The Malian River, a third Yellow River tributary, is located on the loessial tableland. It contributed an annual average of 1.34 × 10⁸ t sediment to the Yellow River, accounting for 8% of the annual total in the whole basin [28,29]. Existing literature has reported significant reductions in runoff and sediment load in a majority of rivers except those on the loessial tableland. A number of studies have investigated the temporal and spatial variations in runoff and sediment loads on the entire Loess Plateau; however, these studies did not deeply investigate the entirety of the loessial tableland, such as the Malian River. Most of the existing research has focused on the erosion model simulations and isotope labeling from soil erosion studies, but no analysis of the long-term series data has been conducted using the runoff and sediment loads. Furthermore, few studies have analyzed the potential sources of these regional runoff and sediment load changes. Therefore, our study sought to investigate the spatial-temporal variations in annual runoff and sediment load in the Malian River basin and characterize the underling factors that affect these runoff and sediment load variations. We checked and revised the data homogenization process and described the characteristics of runoff and sediment loads in the Malian River basin in detail. This provides a theoretical basis for soil and water conservation in the gully region of the Loess Plateau.

2. Material and Methods

2.1. Study Area

The Malian River is situated in the central reaches of the Yellow River (between 35°14′–37°23′ N and 106°40′–108°35′ E). The total length of the main stream is 374.8 km, with a basin area of 19,086 km². The basin has a temperate continental climate that is hot and rainy in the summer and cold and dry in the winter. The average annual rainfall is 531.12 mm, and the average annual air temperature is 9.14 °C. The northern part of the basin is mainly low mountains, and the middle and downstream of the basin are flat loessial tableland. This basin has the typical characteristics of the Loess Plateau, with basic geomorphic units such as loessial tableland, loessial ridge, and loessial hillock, which is representative of the gully region on the Loess Plateau [30]. The average specific sediment yield of the basin is 5862.94 t km⁻² yr⁻¹.

2.2. Data Sources

The annual runoff and sediment load from 1960 to 2016 were collected from six hydrologic stations: the Hongde, Qingyang, and Yuluoping stations on the main stream, and the Yuele, Banqiao, and Jiaqiao stations on the tributaries of the river (

Table 1. The observation data from hydrological stations in the Malian River basin.

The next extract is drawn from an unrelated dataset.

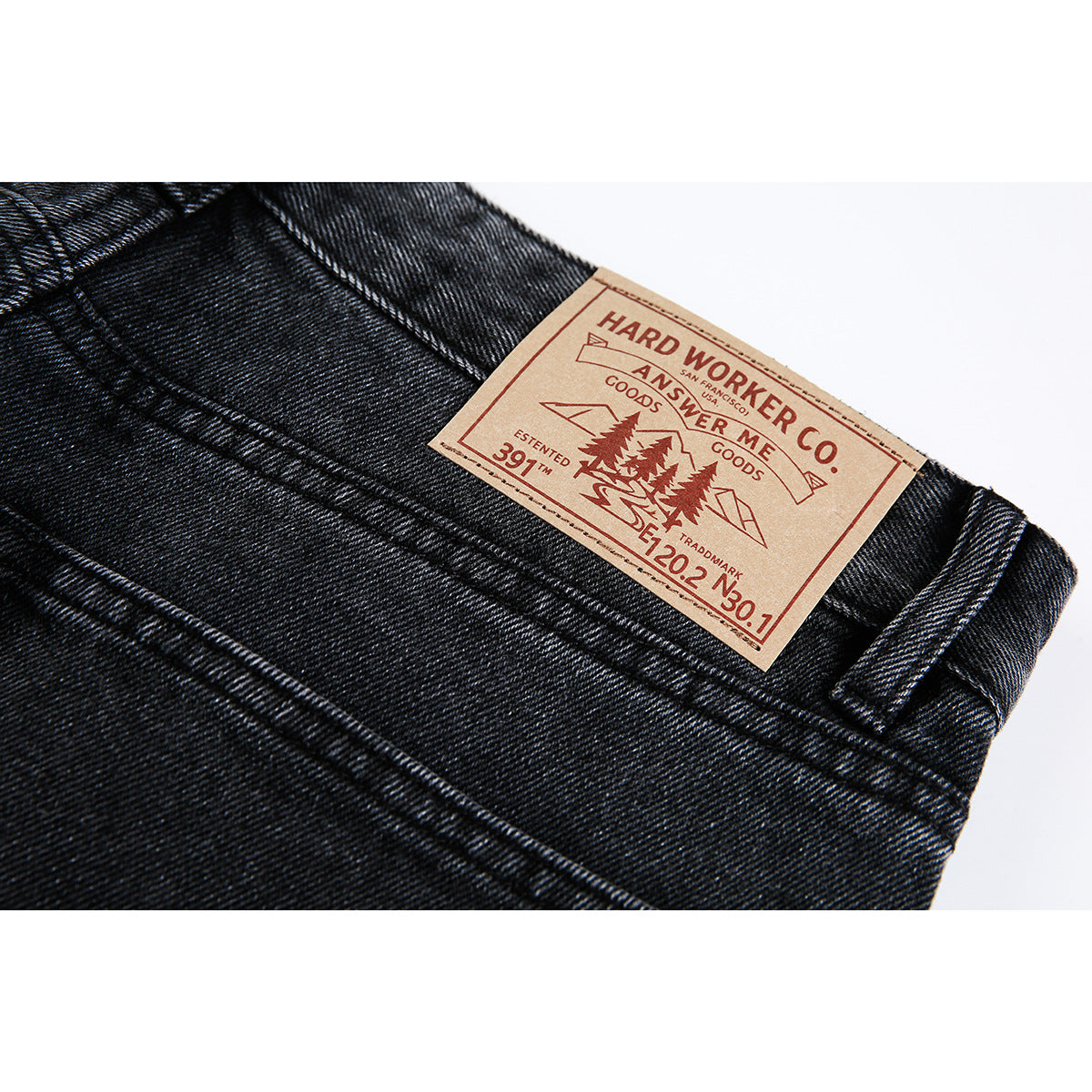 Close-up of black denim jeans with a tan leather-style waistband patch bearing English lettering.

River Name		Hydrological Station	Control Area (km2)	Data Series	Annual Runoff		Annual Sediment Load
					Average (108 m3)	Standard Deviation	Average (108 t)	Standard Deviation
1	Malian stream	Hongde	4640	1960–2016	0.579	0.395	0.359	0.289
2	Malian stream	Qingyang	10,603	1960–2016	1.912	0.852	0.728	0.528
3	Malian stream	Yuluoping	19,019	1960–2016	4.127	1.546	1.119	0.765
4	Rouyuanchuan	Yuele	528	1960–2016	0.160	0.085	0.038	0.040
5	Heshuichuan	Banqiao	807	1960–2016	0.141	0.072	0.014	0.020
6	Dongchuan	Jiaqiao	2988	1980–2016	0.760	0.325	0.165	0.136

and Figure 1). The Yuluoping hydrologic station is at the outlet of the basin, which has a drainage area of 19,019 km². The presented hydrological data were provided by the Yellow River Water Conservancy Commission (YRCC) of the Ministry of Water Resources, China. The continuous annual rainfall and air temperatures were collected from eight meteorological stations between 1960 and 2016 (Chinese Climate Center; http://data.cma.cn/site/index.html). Most importantly, the consistency, homogeneity, and quality of the data were checked prior to their release.

2.3. Methodologies

A simple linear regression test and a Mann–Kendall test were applied to characterize any variations in the annual runoff and sediment load trends at the different stations. The abrupt changes of runoff and sediment load were detected using the Pettitt test method [31,32,33]. Additionally, a double-mass curve and a sediment identity factor method were implemented to evaluate the potential runoff and the effects of the sediment load changes.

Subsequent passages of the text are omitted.